■ **THE INPUT**:
◆ ◆ ◆ ◆ ◆

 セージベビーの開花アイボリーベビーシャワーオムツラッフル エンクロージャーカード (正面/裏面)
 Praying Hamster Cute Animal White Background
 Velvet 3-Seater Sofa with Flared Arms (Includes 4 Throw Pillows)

◆ ◆ ◆ ◆ ◆

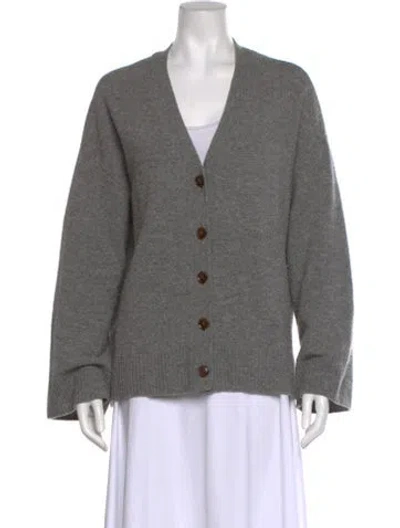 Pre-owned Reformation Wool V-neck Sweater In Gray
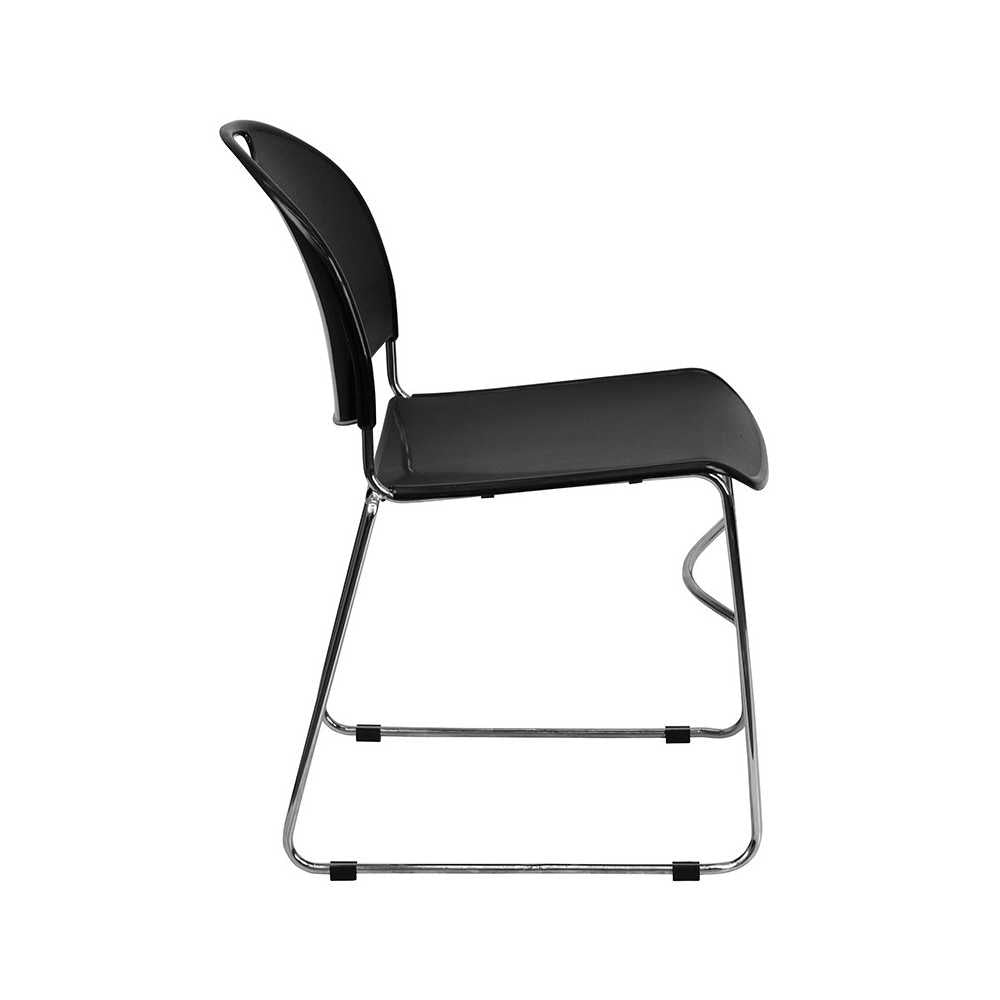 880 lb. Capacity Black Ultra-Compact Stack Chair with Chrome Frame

◆ ◆ ◆ ◆ ◆

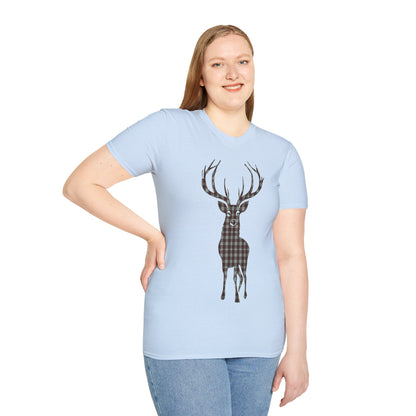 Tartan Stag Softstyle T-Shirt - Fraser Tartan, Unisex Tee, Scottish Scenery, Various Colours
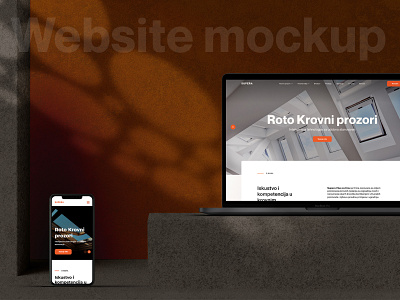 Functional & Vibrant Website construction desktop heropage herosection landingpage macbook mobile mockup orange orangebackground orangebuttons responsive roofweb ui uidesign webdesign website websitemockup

◆ ◆ ◆ ◆ ◆

■ **TASK TO CARRY OUT**: Each line from the one that contains "Tartan Stag Softstyle" down to the one that contains "Functional & Vibrant" is to be returned exactly as it stands above, both ends included, with pictures removed.

■ **EXERCISE RESPONSE**:
 Tartan Stag Softstyle T-Shirt - Fraser Tartan, Unisex Tee, Scottish Scenery, Various Colours
 Functional & Vibrant Website construction desktop heropage herosection landingpage macbook mobile mockup orange orangebackground orangebuttons responsive roofweb ui uidesign webdesign website websitemockup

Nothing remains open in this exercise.